Many entry level cyber jobs will want 2-3 years of 'experience', but that doesn't have to be a traditional job. You just need to demonstrate proof that you have been studying a specific area for 2-3 years and are good enough at it that they won't need to teach you. This can be a combination of any of the following, as long as you have proof (a blog, social posts, mentor recommendations, certificates, conference talks, volunteer hours validation):
​
- A collection of blogs, articles, videos, or GitHub repos demonstrating your learning progress
- Volunteering at schools, senior centers, and libraries to teach others about cyber safety
- IT help desk, TA or learning assistant experience
- Internships and apprenticeships
- Bug bounties or CVEs
- Conference talks and workshops (try small local ones or diversity conferences to start in a supportive space)

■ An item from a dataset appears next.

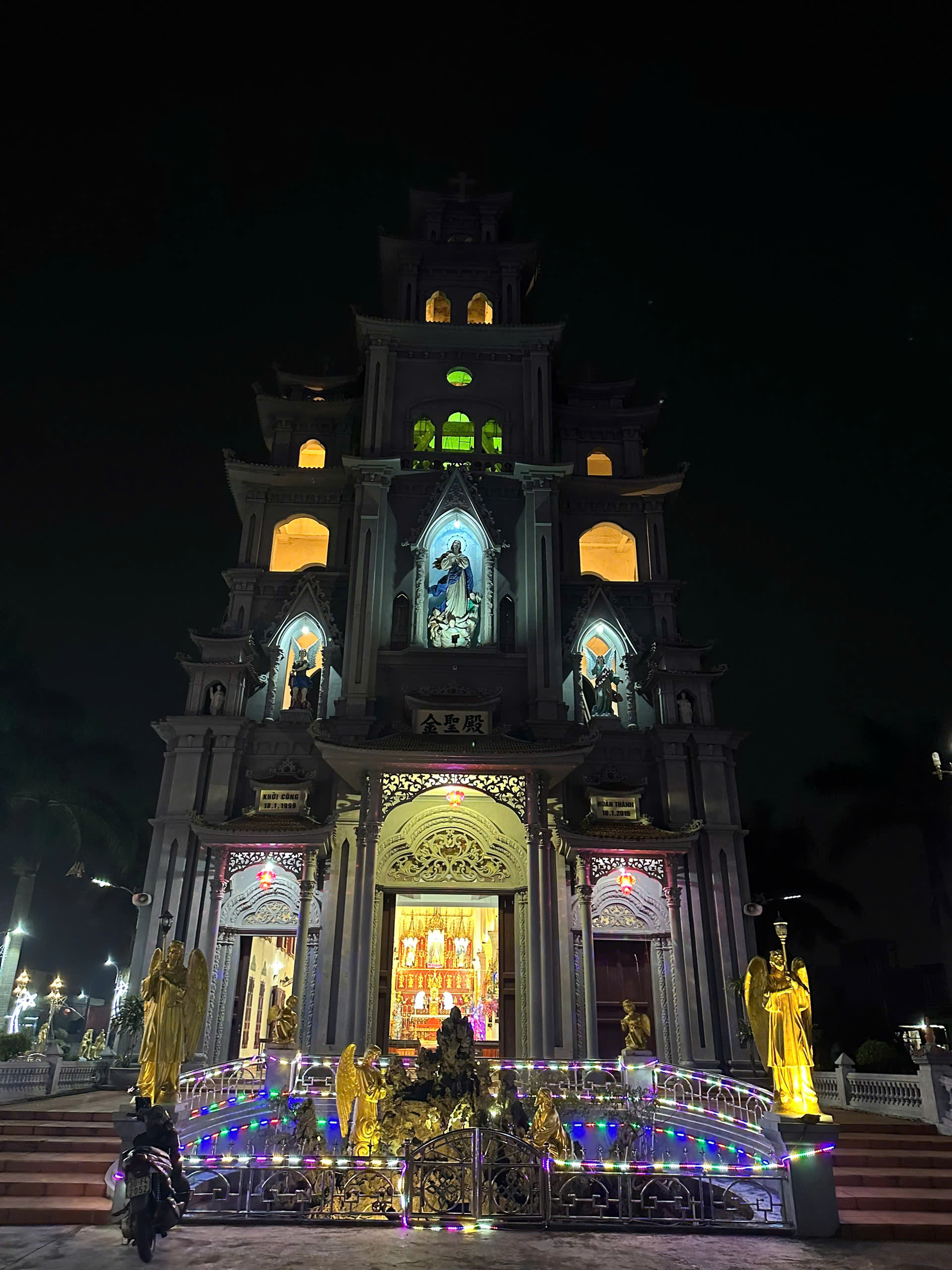 Hoạt động thiện nguyện phát quà cho người nghèo nhân dịp Tết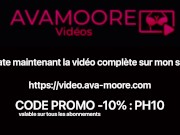 Une jeune étudiante rousse me lèche et me baise la chatte avec un gode XXL 15/16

- Freelancing or offering your skills for free/cheap to non-profits to help with basic cyber incident response plans and inventories
- CTF participation, in live competitions or though platforms like HackTheBox
- Research through a university or on your own and getting it published
- Participating in working groups for new cyber policies or frameworks
- Assisting with open source projects and documentation
​
All of these activities will allow you to gain skills, demonstrate proof of your progress, and network with people who can help you find jobs. Whatever you pick, just be consistent and recognized over a period of months or years, and people will want to help you. This obviously takes a lot of time, so you may have to work whatever job you can to pay the bills, and keep working on this for the long term.
8
How do you make time for learning?
Life is busy, and it always will be. If you don't make a plan to carve out time to learn a new skill, you'll never learn it. Most universities and employers are not going to provide you with the resources to learn the real skills you need to succeed in hacking, it is unfortunately something you just have to teach yourself (coming from someone with multiple degrees). I've had some great classes and worked on cool projects, but the most valuable skills I have came from sitting down to learn something I wanted that wasn't being taught to me.
​
With that in mind, you have to just start small, like a hour a week, where you sit down to learn something and work towards an end goal, like a certification, blog post, or lab pathway that you can use to demonstrate your progress. Just like if you are trying to exercise more, you wouldn't just start running 5 miles out of nowhere, you have to build up to it. Once you have a routine of studying a little every week, then you can add more time in and work up to what works for your life. You have to train your mind just like your body! It helps to pick whatever topic is most exciting to you, and let that curiosity drive your learning instead of just what has been assigned to you. Chances are, you'll learn something valuable that many others haven't yet, and that becomes something you can contribute to the wider cybersecurity community.